Ia menjelaskan peran manusia mulai digantikan oleh mesin dan robot, serta terjadi fenomena pergantian pola kehidupan masyarakat, dari konvensional berubah menjadi sosioteknokratis, yang diwarnai dengan teknologi dan inovasi sains. Ini menjadikan manusia termanipulasi dalam kehidupan sehari-hari.
“Ketergantungan terhadap dengan teknologi mengakibatkan zaman semakin kompetitif, artinya kita semakin diperluas oleh dunia dan dipersempit oleh persaingan dunia.
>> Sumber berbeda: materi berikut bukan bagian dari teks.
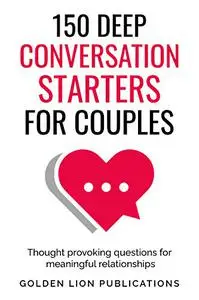 150 Deep Conversation Starters for Couples: Thought Provoking Questions for Meaningful Relationships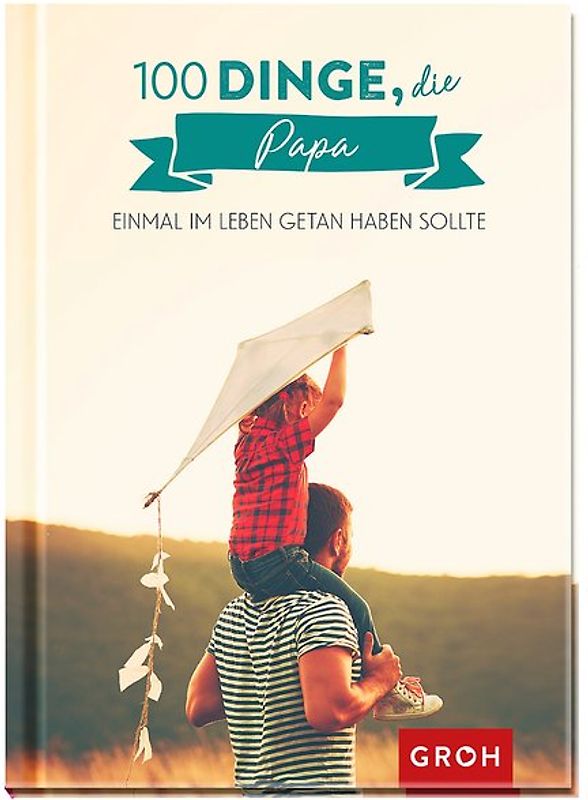 100 Dinge, die Papa einmal im Leben getan haben sollte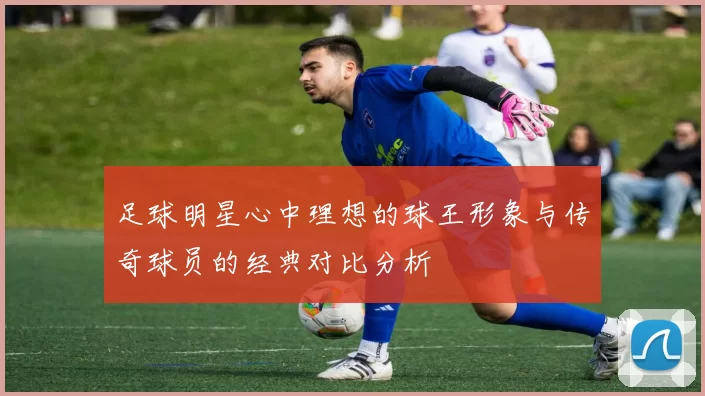 足球明星心中理想的球王形象与传奇球员的经典对比分析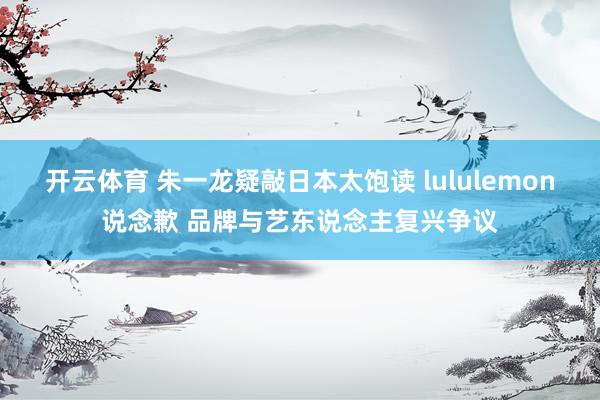 开云体育 朱一龙疑敲日本太饱读 lululemon说念歉 品牌与艺东说念主复兴争议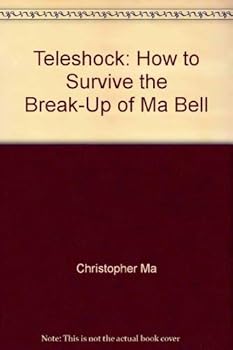 Paperback Teleshock: How to survive the break-up of Ma Bell Book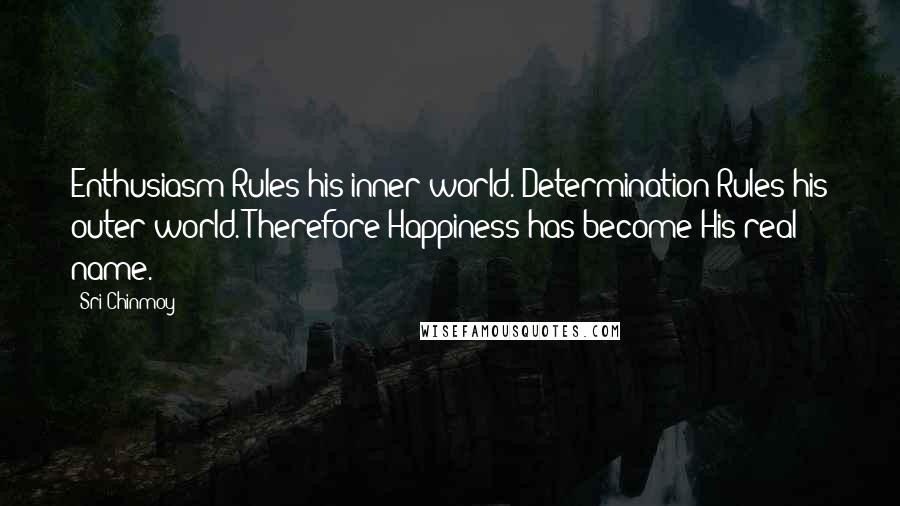 Sri Chinmoy Quotes: Enthusiasm Rules his inner world. Determination Rules his outer world. Therefore Happiness has become His real name.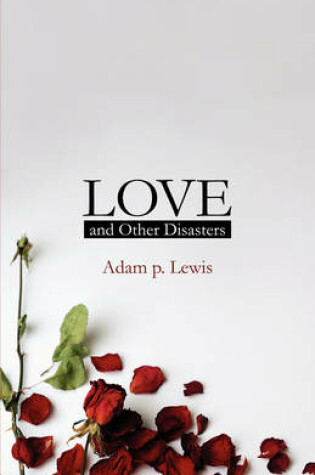 Cover of Love and Other Disasters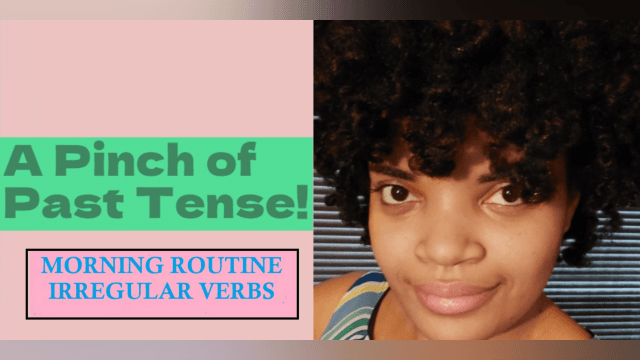 A Pinch of Past Tense: Morning Routine with Irregular Verbs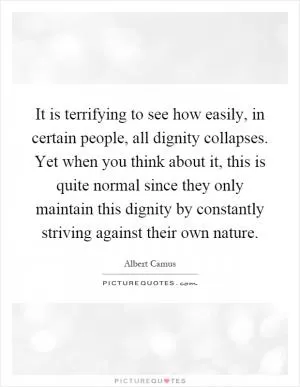 It is terrifying to see how easily, in certain people, all dignity collapses. Yet when you think about it, this is quite normal since they only maintain this dignity by constantly striving against their own nature Picture Quote #1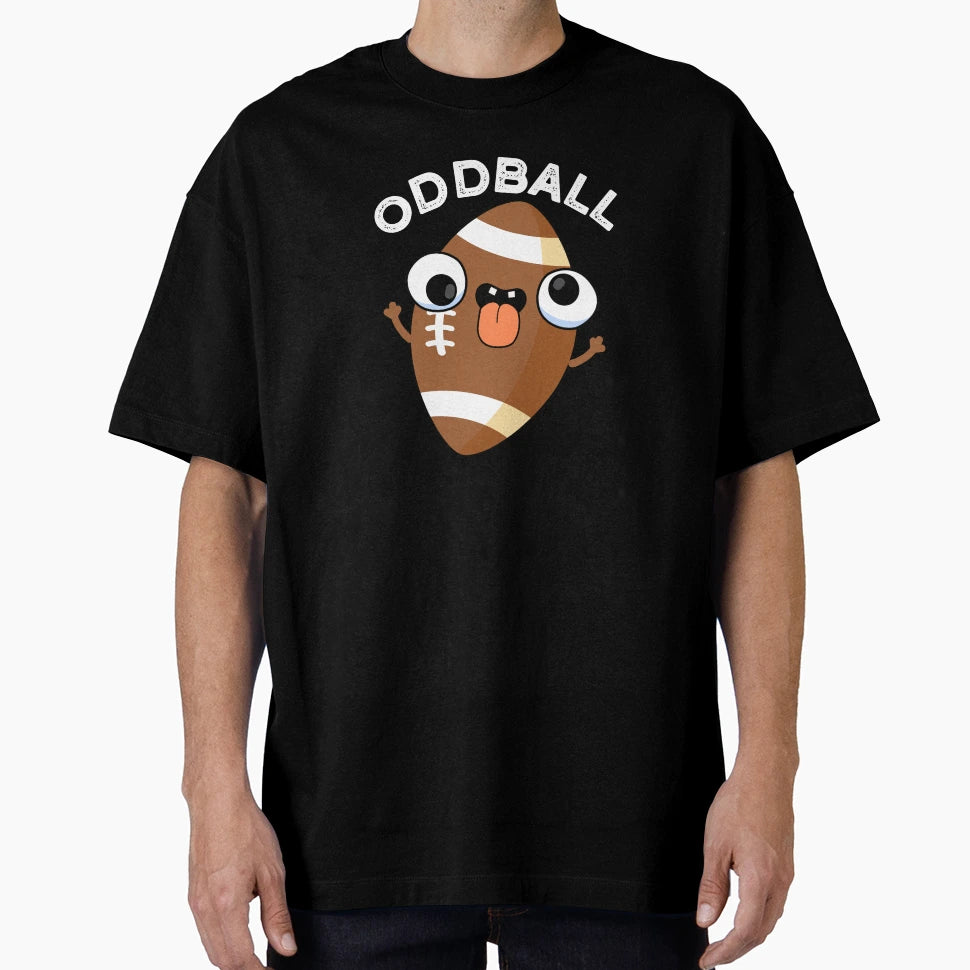 Oddball Funny Football Puns Dark Bg T-Shirt - Minimalist Print for Adults - T-Shirt, Sweatshirt, Hoodie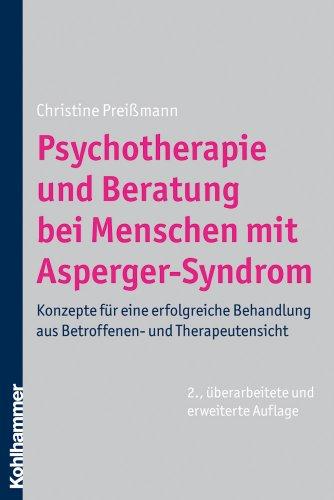 Psychotherapie und Beratung bei Menschen mit Asperger-Syndrom: Konzepte für eine erfolgreiche Behandlung aus Betroffenen- und Therapeutensicht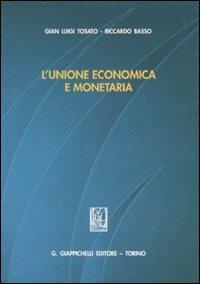 L' unione economica e monetaria. Aspetti giuridici e istituzionali. Studio introduttivo e materiali di base - G. Luigi Tosato,Riccardo Basso - copertina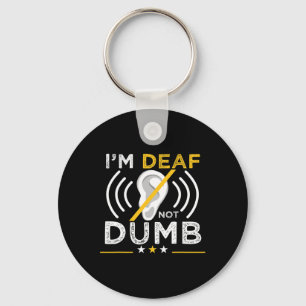I'm Deaf. Not Dumb. ASL Deaf Sign Language Deaf Aw Key Ring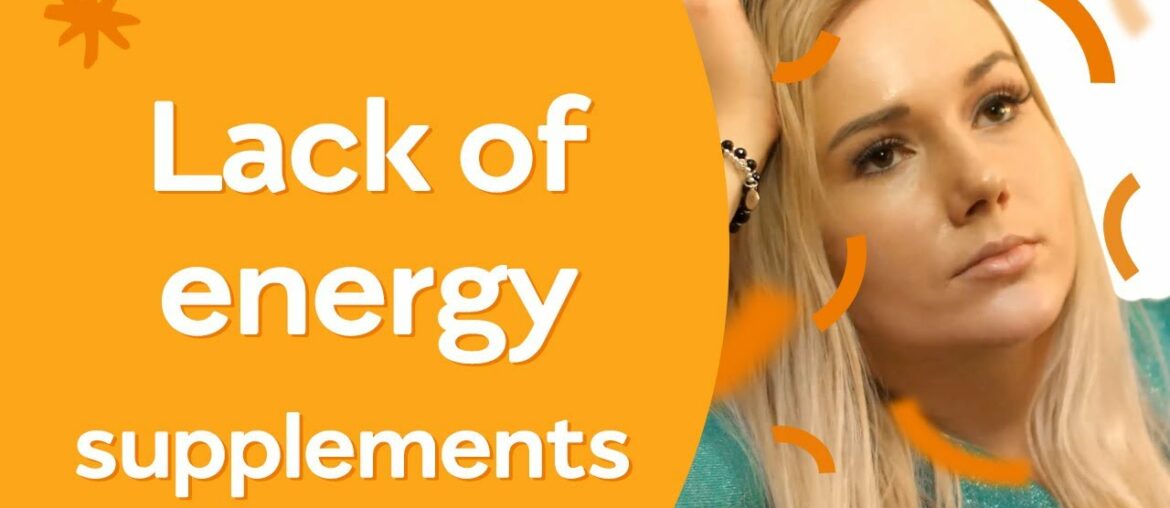 What supplements to take for if we lack energy?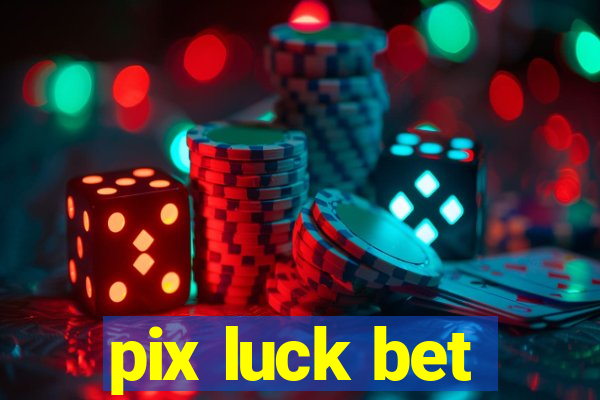 pix luck bet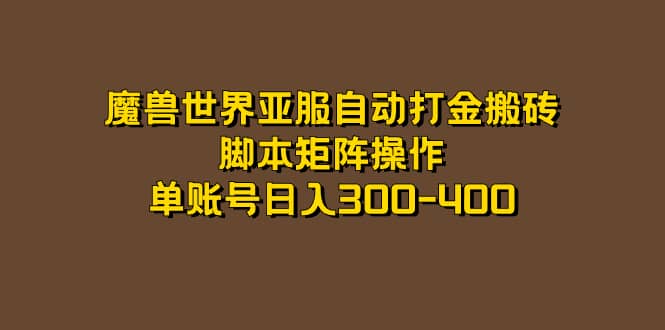 （7289期）魔兽世界亚服自动打金搬砖，脚本矩阵操作，单账号日入300-400-佛系网创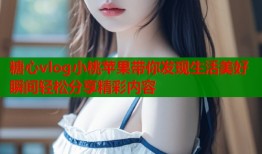 糖心vlog小桃苹果带你发现生活美好瞬间轻松分享精彩内容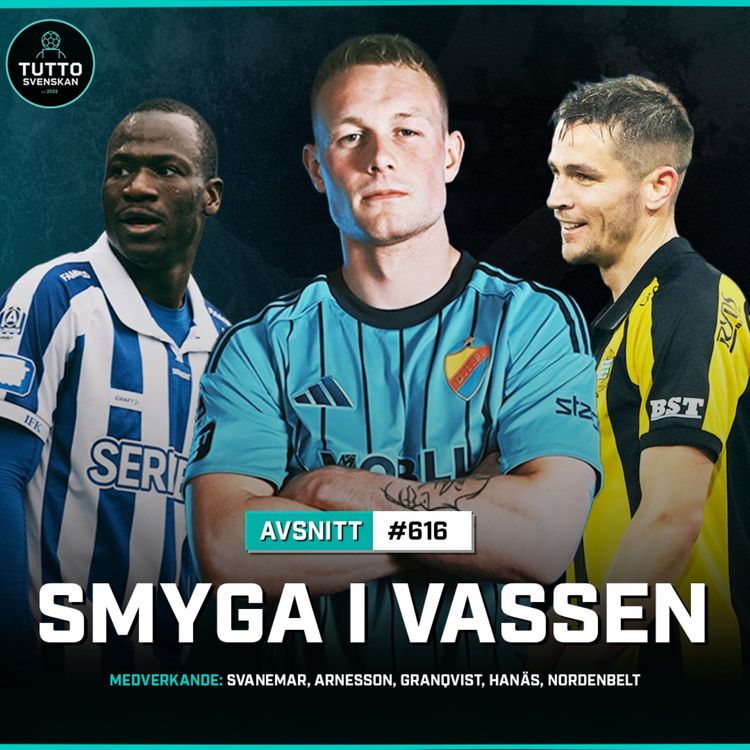 cover art for #616 Lyxproblemen i Bajens anfall | Offensiv huvudvärk i Djurgården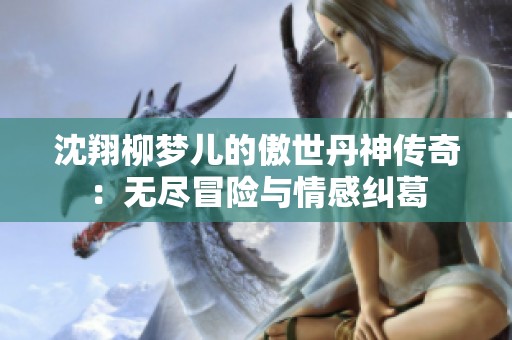 沈翔柳梦儿的傲世丹神传奇：无尽冒险与情感纠葛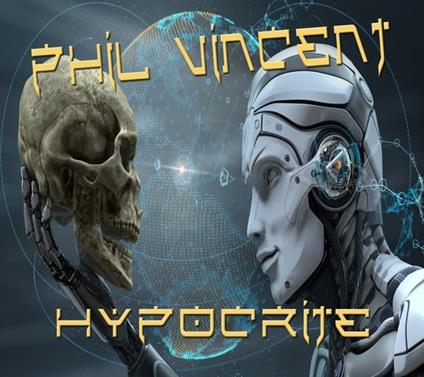 Hypocrite (Digipack) - CD Audio di Phil Vincent
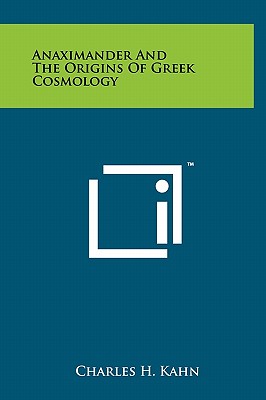 Anaximander And The Origins Of Greek Cosmology - Kahn, Charles H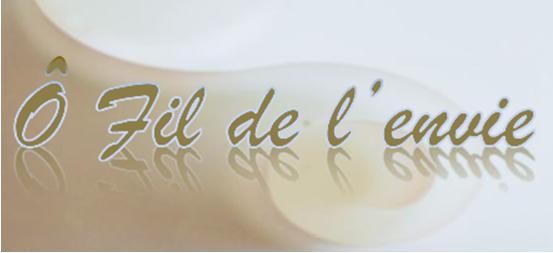 Ô fil de l'envie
Hal ini yang mendasari sumber daya manusia (SDM) Indonesia yang harus lebih unggul untuk bisa menghadapi persaingan yang semakin kompetitif,” jelasnya.
Irianto mengungkapkan disrupsi yang mendasari Kementerian Riset, Teknolgi dan Pendidikan Tinggi (Kemenristekdikti) mulai mengarahkan pendidikan di masa depan harus berbasis digital. Selain itu, Ia menambahkan untuk menghasilkan SDM unggul harus menguasasi literasi baru melalui pendidikan dengan pemerataan akses internet dari perkotaan ke pinggiran.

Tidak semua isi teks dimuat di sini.